Note: I've removed a lot of clutter from the package (and I hope I didn't accidentally break anything). I currently sadly have no setup to test this with, so it would be very awesome, if you could report back on any issues you might have!
Make sure to backup any configuration files/services files you are currently using before running the service!

matrix-appservice-irc is now run as its own user/group. The configuration files are installed 0640 to /etc/matrix-appservice-irc/ and I've added many hardening options to the service file.
Please report back on any problems, that you run into with the service or the package itself!

Last, but not least: I have not added synapse.service to After=, as there is the use-case of running the bridge on a host, that is not running synapse. If you require it, you can of course add it in an override.

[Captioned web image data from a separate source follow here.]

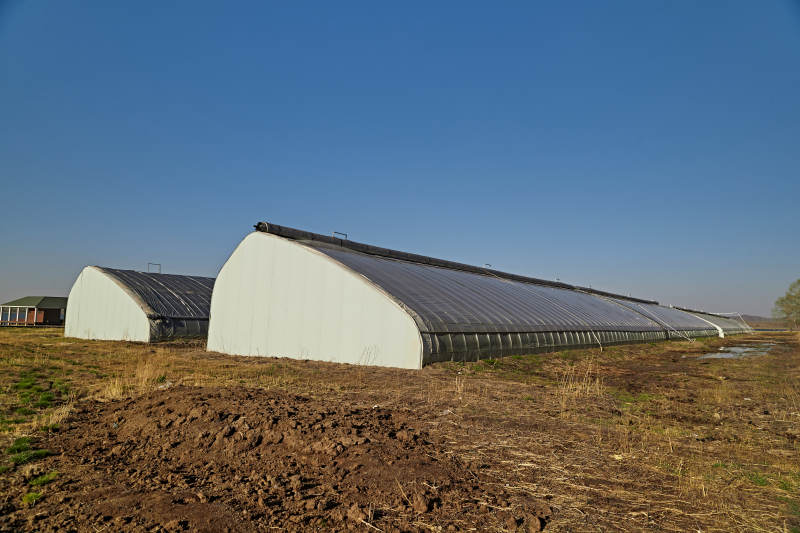 河北省沽源县库伦淖尔景区春季蔬菜大棚图片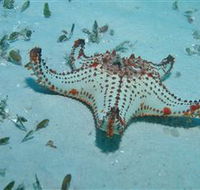 The Pines Dive Site - Tourism Search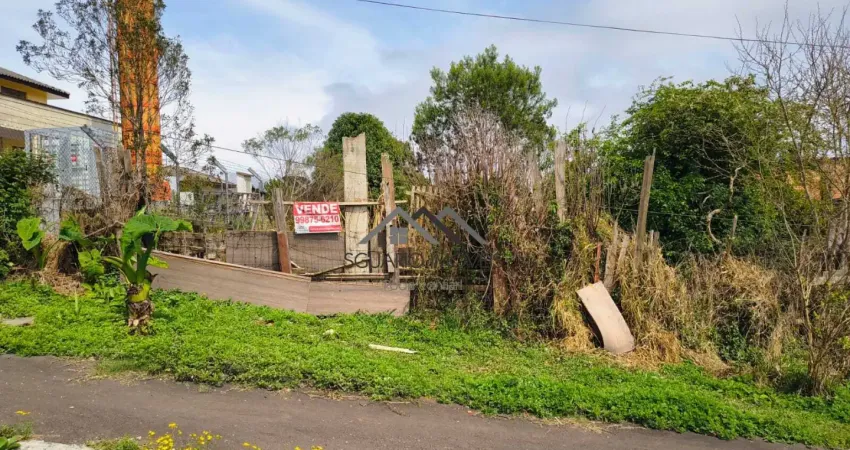 R$ 135 mil - terreno de frente para o asfalto, 12 x 30, planta deodoro, piraquara/pr.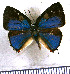  ( - JFDA5325)  @11 [ ] copyright (2025) Center For Collection-Based Research Center For Collection-Based Research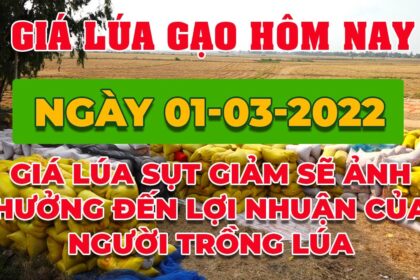 rice and paddy prices today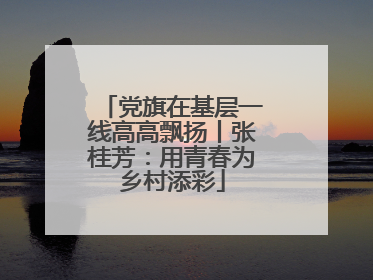 党旗在基层一线高高飘扬丨张桂芳：用青春为乡村添彩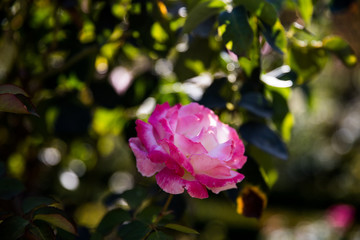 pink rose in the garden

> Last, but not least: I have not added synapse.service to After=, as there is the use-case of running the bridge on a host, that is not running synapse.

I don't mind that, although After=synapse.service only has any effect if both services *are* enqueued to start on the same host. Otherwise it's a noop (in other words, After/Before only specifies ordering, not dependencies).

I'll test the package soon.

> I don't mind that, although After=synapse.service only has any effect if both services *are* enqueued to start on the same host. Otherwise it's a noop (in other words, After/Before only specifies ordering, not dependencies).

Oh, you are right! Didn't think clearly. Definitely worth adding back...


Thanks for the feedback!

seems it can't import bluebird

@damjan: Thanks! Seems I was too overly eager to remove unneeded things. Turns out package.json files are required ;-)

I've pushed a new version to [community-testing] (also with small changes to the service). Please try again!

seems to work nice now.

btw, why did you add CapabilityBoundingSet=CAP_NET_BIND_SERVICE ?
That doesn't add a capability (if you had that in mind) - and since it's a non-root user it doesn't have any capabilities. you maybe wanted to use AmbientCapabilities=

@damjan: Glad to hear! I'm not entirely sure. I think I was under the assumption, that the service might need a to be able to assign a port, but just now realized, that this is only valid for ports < 1024, which this service should never use.
It can be removed altogether.

Thanks again for all the great feedback!